Multi-Die Design Challenges: Architecture and Early Prototyping

Multi-die designs are far more complex than traditional monolithic chip designs. The integration of multiple heterogeneous and homogeneous dies within a single package leads to significant challenges, particularly in thermal management, mechanical stress, and early architecture decisions. The initial architecture and die placement are major steps in the multi-die design process, requiring specialized tools. Synopsys 3DIC Compiler™ is an industry-leading solution that helps define the architecture of 2.5D/3D multi-die designs in a unified exploration-to-signoff platform. It enables chip designers to address early architectural challenges effectively, facilitating smoother transitions into early prototyping and ultimately to signoff.

Thermal awareness and mechanical reliability are major challenges that should be addressed as early as possible in the design cycle. Thermal challenges in multi-die designs can arise from temperature and thermal property differences between individual dies, die interconnects, and materials used in multi-die designs. Designers must thoroughly analyze each element to avoid costly redesigns later. Mechanical issues like stress and warpage can lead to failures if not addressed early in the design process. Ansys offers a comprehensive platform for tackling these physical challenges at an early stage. With software tools like Ansys RedHawk-SC Electrothermal™ and Ansys Icepak™, designers can efficiently address these issues to facilitate rapid prototyping and architectural exploration. Early-stage thermal and mechanical analysis is critical to prevent problems like hotspots, warping, and system failures due to poor heat dissipation or physical stress.

Importance of Early Verification

Verification at an early stage of multi-die design is pivotal. As multiple dies are stacked together in a small form factor, verifying the overall system becomes increasingly difficult, yet even more essential. Failure to catch potential issues early, such as thermal bottlenecks or power integrity problems, could lead to costly delays and suboptimal performance.

One of the key challenges in multi-die design is managing voltage drop and electromigration (EM/IR), which can lead to power integrity failures.
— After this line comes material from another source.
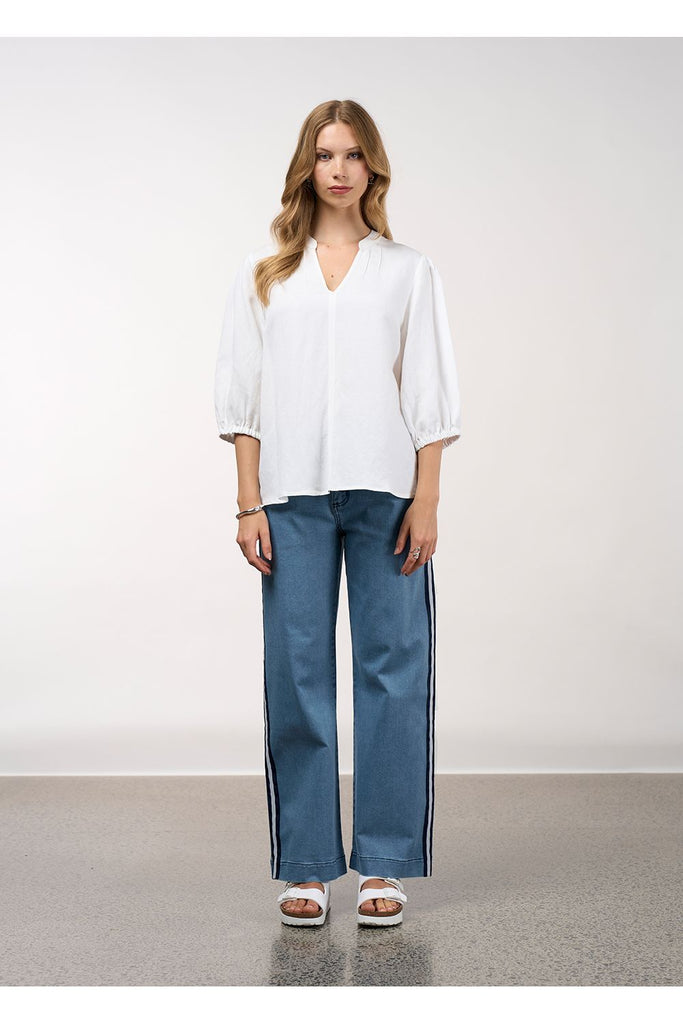 Woman wearing a white blouse and blue jeans against a plain background. Madly Sweetly Octave Top in White.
Especially difficult is ensuring reliable power distribution in the vertical direction from interposer to chip, and between stacked chips. Supply currents for up to 200W need to be delivered through tiny microbumps, hybrid bonds, and through-silicon vias (TSVs). This requires very careful power integrity analysis down to level of each individual bump.

Ansys RedHawk-SC Electrothermal offers advanced simulation capabilities for robust power integrity analysis while Synopsys 3DIC Compiler ensures that the design architecture meets the desired design goals by enabling feasibility and prototyping, and implementation and analysis, all in a single environment using a common data model. Under our existing partnership, Ansys and Synopsys provide designers with the necessary solutions to create resilient 2.5D/3D multi-die designs that can withstand the demands of modern high-performance computing environments.

The Role of AI in Multi-Die Designs

Artificial Intelligence (AI) is revolutionizing how designers’ approach 3DIC designs. AI-driven tools can automate many time-consuming processes, from early prototyping to layout optimization, significantly reducing the design cycle. As the complexity of multi-die design continues to grow, AI technology will become an essential component in handling massive design datasets, enabling smarter decisions and faster results.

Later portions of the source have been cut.